What were the key findings?

There weren’t any findings which all the authors shared. We as editors gave our own views in the epilogue of areas for further research. There’s a further clue, though, in the aphorism in Greek we quote at the start of the book – check it out to see what we think. If we are sincere in our respect for people, which is the ostensible basis for democratic society and healthcare ethics, then money should be a means and people should be ends in themselves. And if we understand how the things that should never be bought and sold connect with the material world, there is a chance they remain visible – even to those who now see the price of everything and the value of nothing.

One overall point which Muir Gray highlighted in the foreword was the question of what will keep money and markets in position to serve health and care rather than distort people’s attention from what matters. A conceptual and policy theme which emerges is the idea of a healthcare covenant, akin to, but distinct from, the military covenant between the people of the UK and armed forces. That’s an idea to be taken into practice in the future. Other approaches include incentives and education.

How can the humanities interact with the medical sciences?

The best way for humanities researchers to make a contribution is in close learning partnerships with medical science researchers and others working in healthcare. Where that is happening, humanities researchers are increasingly in demand for the ways they frame challenges in healthcare. This is partly because of broad cultural transitions in healthcare ecologies which represent a turn from a dependence on a largely or even exclusively biomedical model of conceiving healthcare towards a greater balance between biomedical and social conceptions of healthcare. At the same time, the trajectory towards an ever more high-tech approach to healthcare, with a particular emphasis on the biosciences as key to the UK’s offering to the world post-Brexit, is provoking critical reflection on the very purpose of healthcare. In this context humanities disciplines have the capacity to provide historical perspective, conceptual understanding and other kinds of insight into what helps sustain and restore health for people and communities. Humanities scholars are able to examine and question an entire conceptual edifice that is often taken for granted. Not: ‘How can we solve problem X?’ but rather: ‘Is this even the right way to put the problem?’ When that kind of questioning is done in partnership, everyone may be prompted to try a different path.

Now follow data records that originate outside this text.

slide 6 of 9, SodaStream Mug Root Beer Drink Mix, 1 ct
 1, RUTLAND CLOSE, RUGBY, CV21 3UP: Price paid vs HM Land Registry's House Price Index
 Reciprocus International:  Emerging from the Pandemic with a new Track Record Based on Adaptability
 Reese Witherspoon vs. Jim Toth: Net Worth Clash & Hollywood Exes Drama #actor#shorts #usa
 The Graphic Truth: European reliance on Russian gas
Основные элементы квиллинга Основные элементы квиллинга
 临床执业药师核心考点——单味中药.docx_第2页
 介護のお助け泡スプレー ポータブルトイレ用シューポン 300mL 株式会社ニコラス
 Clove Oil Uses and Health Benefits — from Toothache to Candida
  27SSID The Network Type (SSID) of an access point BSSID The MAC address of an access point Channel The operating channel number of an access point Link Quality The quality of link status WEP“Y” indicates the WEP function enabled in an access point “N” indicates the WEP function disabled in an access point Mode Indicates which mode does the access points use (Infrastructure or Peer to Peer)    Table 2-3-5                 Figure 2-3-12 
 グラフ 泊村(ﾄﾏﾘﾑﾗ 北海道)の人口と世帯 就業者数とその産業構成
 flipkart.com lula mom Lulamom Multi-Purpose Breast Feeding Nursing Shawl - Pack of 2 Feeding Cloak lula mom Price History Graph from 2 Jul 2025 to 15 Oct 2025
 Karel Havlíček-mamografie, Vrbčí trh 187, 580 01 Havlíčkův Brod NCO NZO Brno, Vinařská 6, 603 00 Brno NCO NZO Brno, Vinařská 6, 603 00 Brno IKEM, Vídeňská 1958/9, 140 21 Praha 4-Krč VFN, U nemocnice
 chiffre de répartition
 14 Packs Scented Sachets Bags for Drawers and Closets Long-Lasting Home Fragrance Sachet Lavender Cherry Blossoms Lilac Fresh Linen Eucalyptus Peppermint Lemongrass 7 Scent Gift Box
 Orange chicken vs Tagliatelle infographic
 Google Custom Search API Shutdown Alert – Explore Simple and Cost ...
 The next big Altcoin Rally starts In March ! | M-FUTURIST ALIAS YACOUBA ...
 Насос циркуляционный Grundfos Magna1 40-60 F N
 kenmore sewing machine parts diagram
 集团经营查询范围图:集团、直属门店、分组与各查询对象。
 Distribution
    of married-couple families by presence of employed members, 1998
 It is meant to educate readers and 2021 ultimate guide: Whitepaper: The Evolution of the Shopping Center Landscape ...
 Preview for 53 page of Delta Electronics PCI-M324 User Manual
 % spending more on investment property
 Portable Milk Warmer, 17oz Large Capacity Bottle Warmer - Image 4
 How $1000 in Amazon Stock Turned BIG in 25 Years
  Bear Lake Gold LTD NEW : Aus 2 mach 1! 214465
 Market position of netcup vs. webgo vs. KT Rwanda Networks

All this means there’s a tremendous opportunity for healthcare and humanities researchers to find new and creative ways of understanding the challenges of our time. Humanities researchers are becoming more capable in developing these partnerships and shared agendas with colleagues in healthcare locally, nationally and globally. Mutually beneficial collaborations are enabling more focused and better-informed research which can target the needs and concerns of healthcare organisations. But there remains the strategic need to interweave the agendas of humanities researchers and medical researchers, alongside colleagues in other relevant disciplines, to address challenges which are best tackled in interdisciplinary ways, in partnership with patients, public bodies and private enterprise.